Donc l'humanité occidentale est en train de naître, ne disons pas à la vie intellectuelle, disons au moins à la vie scolaire. Et cela évidemment provoque une vive effervescence.

Nos services d'éducation ont à faire face à un double et prodigieux problème : un problème de nombre, de quantité physique ; un problème de qualité, de contenu intellectuel. Car non seulement il faut accueillir des masses nombreuses et rapidement croissantes, mais il faut les adapter à un monde en profonde métamorphose.

 

 

LE NOMBRE

 

Les nombres, les quantités, sont des problèmes économiques. Éduquer exige du travail humain et donc s'exprime en nombre de travailleurs et en argent, l'argent étant (et ne devant être que) la quantité de monnaie nécessaire pour donner un revenu aux travailleurs.
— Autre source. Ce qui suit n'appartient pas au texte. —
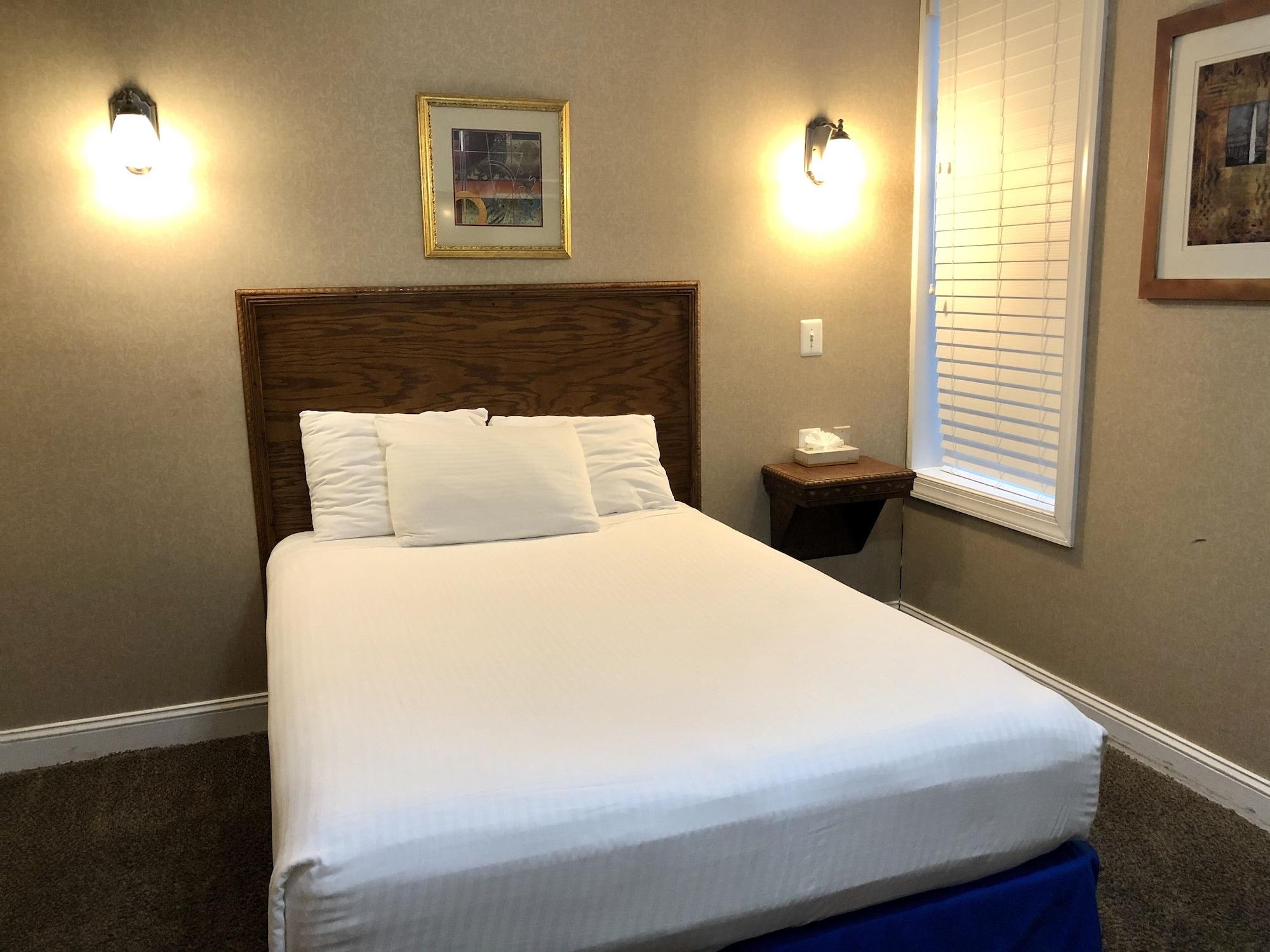 District Hotel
Dans un domaine tertiaire comme celui-ci (c'est-à-dire assez peu sensible au progrès technique), le travail à accomplir est pratiquement proportionnel aux effectifs d'élèves. Mais il faut soigneusement distinguer le travail nécessaire aux investissements, du travail courant. En effet, lorsque le nombre d'élèves augmente d'année en année, il faut chaque année de nouveaux bâtiments, de nouveaux maîtres. Le travail de fonctionnement courant s'accroît d'année en année, et à ce travail de fonctionnement s'ajoute, également chaque année, pendant toute la croissance, un travail d'équipement neuf. M. Sauvy a, dans plusieurs de ses livres(2) , bien mis en évidence ces problèmes de flux qui sont nécessaires pour accroître les stocks, font peser sur l'économie des charges qui sont écrasantes si l'on n'a pas prévu assez tôt l'évolution, et engendrent de toute manière des grandes difficultés, par exemple de par les cadences de recrutement des travailleurs, ici spécialement les maîtres et les professeurs.
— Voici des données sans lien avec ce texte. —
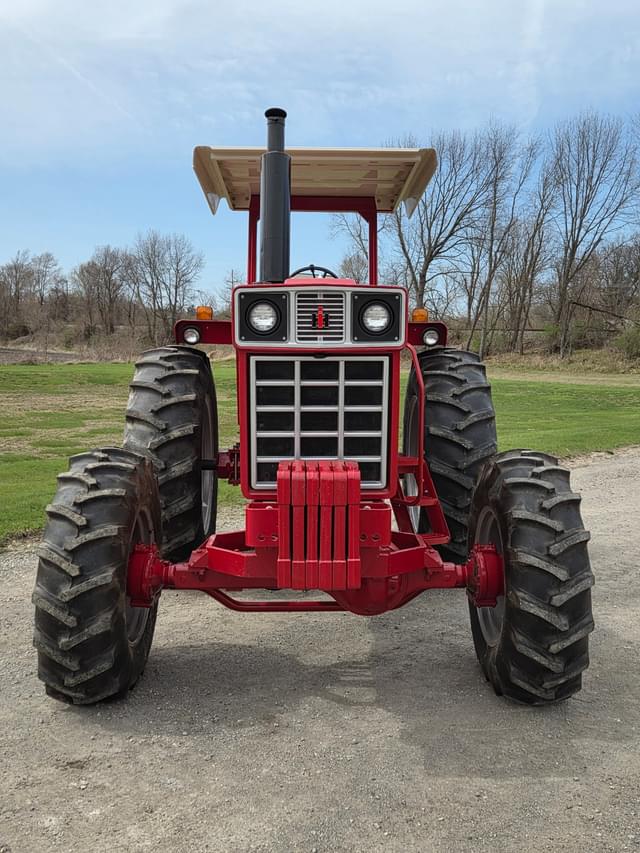 Image of International Harvester 1066 equipment image 1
Prenons l'exemple de l'enseignement supérieur (facultés seulement). Le nombre de professeurs, maîtres de conférence et assistants, n'était encore que de 2 707, en France, en 1946. Il a dépassé 15 000 en 1963 et atteindra l'ordre de grandeur de 50 000 en 1985.

Le nombre de ces membres de l'enseignement supérieur avait mis près de cent ans à doubler, d'environ 1840 à 1951 ; puis il a doublé en neuf ans de 1951 à 1960 ; derechef il doubla en trois ans de 1960 à 1963 ; enfin il doublera une quatrième fois en huit ans cette fois, de 1963 à 1971. Il aura alors de 17 à 20 ans pour faire sa cinquième duplication.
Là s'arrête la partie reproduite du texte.